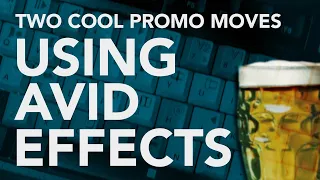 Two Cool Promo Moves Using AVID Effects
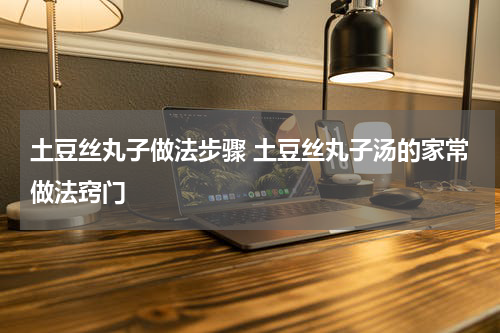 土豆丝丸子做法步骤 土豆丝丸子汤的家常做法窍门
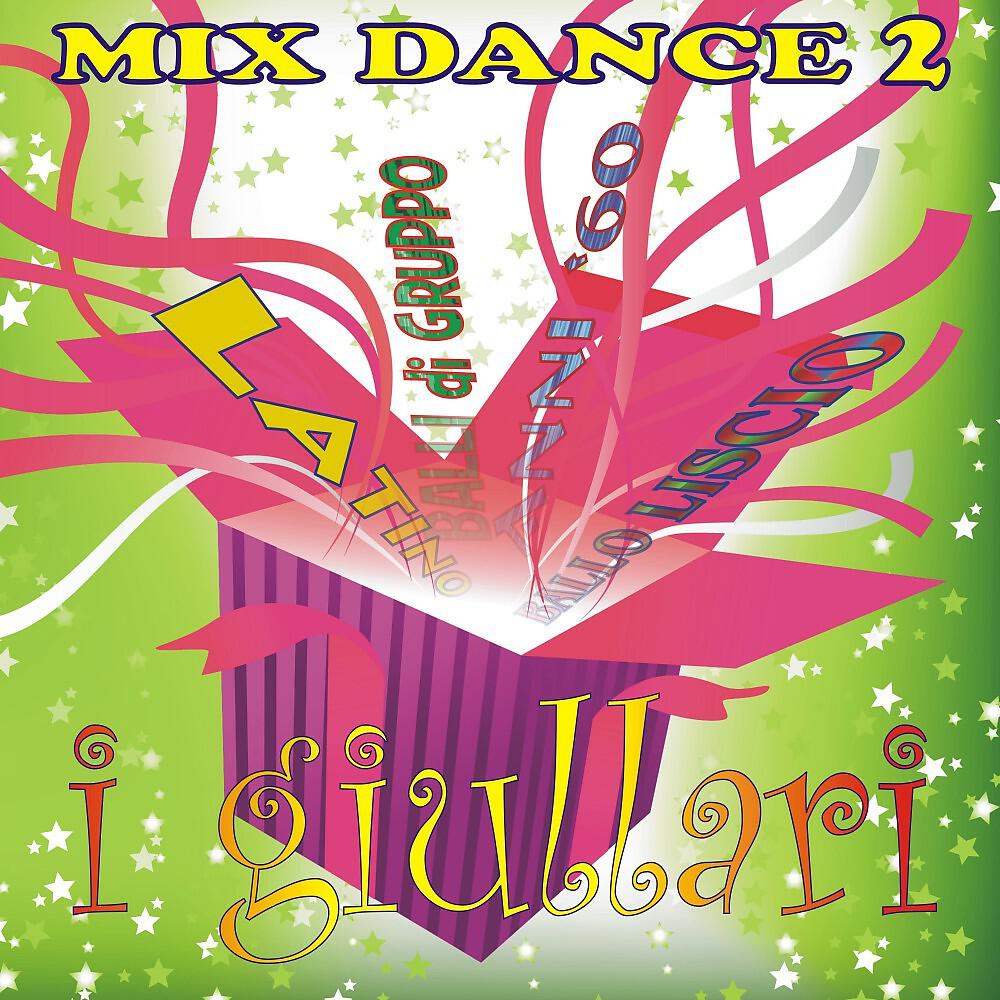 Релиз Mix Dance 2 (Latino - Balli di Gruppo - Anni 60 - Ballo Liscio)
* * * * * * * * *
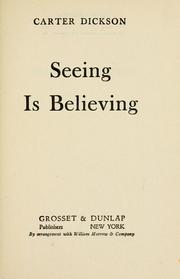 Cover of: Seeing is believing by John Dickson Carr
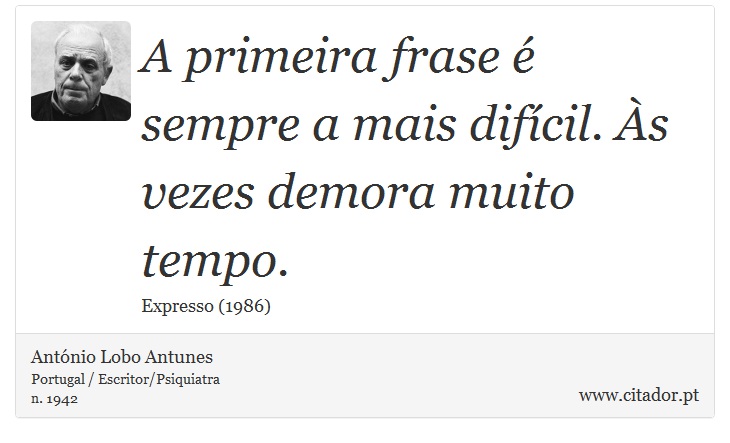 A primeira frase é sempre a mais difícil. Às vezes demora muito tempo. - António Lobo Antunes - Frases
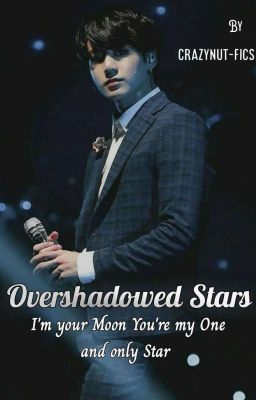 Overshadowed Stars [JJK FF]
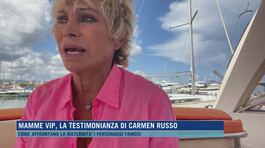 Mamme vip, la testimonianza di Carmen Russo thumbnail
* * * * * * * * *
=== TRY IT ===
Leave out the images and write out the lines above exactly, from the one with "A primeira frase" up to and including the one with "Mamme vip, la".

=== RESULT BELOW ===
 A primeira frase é sempre a mais difícil. Às vezes demora muito tempo. - António Lobo Antunes - Frases
 Overshadowed Stars [JJK FF]
 Mamme vip, la testimonianza di Carmen Russo thumbnail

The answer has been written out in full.